Bruce Campbell (born May 25, 1988) is a former American football offensive tackle. He was drafted by the Oakland Raiders in the fourth round of the 2010 NFL Draft. He played college football at Maryland. He is the son of the late former Providence College basketball great Bruce "Soup" Campbell. 

He has also been a member of the Carolina Panthers, New York Jets, Toronto Argonauts, and Saskatchewan Roughriders.

Early years
Campbell originally attended Hyde Leadership School in New Haven, Connecticut, where he was a four-year letterman and never missed a game during his career. He played defensive end all four years and started at that spot and offensive tackle his last two years. Campbell had 50 tackles, including 4.5 quarterback sacks, while blocking two PATs and one punt as a junior, and recorded 70 tackles, including six sacks, two forced fumbles and one fumble recovery his senior season in 2005. He subsequently earned PrepStar All-American honors.

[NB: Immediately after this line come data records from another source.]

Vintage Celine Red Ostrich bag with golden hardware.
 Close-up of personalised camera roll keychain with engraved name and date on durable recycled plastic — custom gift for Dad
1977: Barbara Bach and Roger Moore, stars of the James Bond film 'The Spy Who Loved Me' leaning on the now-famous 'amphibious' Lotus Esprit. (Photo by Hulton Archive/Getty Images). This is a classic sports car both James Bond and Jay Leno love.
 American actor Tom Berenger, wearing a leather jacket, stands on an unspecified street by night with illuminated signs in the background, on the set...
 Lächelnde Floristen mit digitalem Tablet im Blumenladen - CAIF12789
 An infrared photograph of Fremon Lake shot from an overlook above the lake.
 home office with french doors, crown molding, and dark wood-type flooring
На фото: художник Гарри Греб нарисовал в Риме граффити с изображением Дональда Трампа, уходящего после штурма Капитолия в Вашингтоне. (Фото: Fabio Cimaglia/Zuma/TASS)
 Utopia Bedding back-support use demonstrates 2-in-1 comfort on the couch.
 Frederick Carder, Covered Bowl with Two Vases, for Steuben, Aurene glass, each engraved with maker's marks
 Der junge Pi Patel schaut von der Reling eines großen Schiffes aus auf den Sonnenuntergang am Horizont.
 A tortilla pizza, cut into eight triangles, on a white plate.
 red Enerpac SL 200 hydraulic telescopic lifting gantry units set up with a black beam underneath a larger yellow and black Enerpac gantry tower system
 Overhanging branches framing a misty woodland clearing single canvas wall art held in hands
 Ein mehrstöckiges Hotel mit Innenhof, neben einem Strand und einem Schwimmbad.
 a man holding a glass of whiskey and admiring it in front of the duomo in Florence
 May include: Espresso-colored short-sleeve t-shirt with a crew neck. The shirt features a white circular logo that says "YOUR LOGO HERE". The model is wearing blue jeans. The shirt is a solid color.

Considered a four-star recruit by Rivals.com, Campbell was ranked as the No. 17 offensive tackle prospect in 2006. He chose Maryland over Michigan State, Nebraska, and Virginia. However, before enrolling at Maryland, Campbell spent a preparation year at Hargrave Military Academy.

College career
In his true freshman season at Maryland in 2007, Campbell appeared in five games at left tackle, including one start against Clemson when injuries hit the Terrapins' offensive line.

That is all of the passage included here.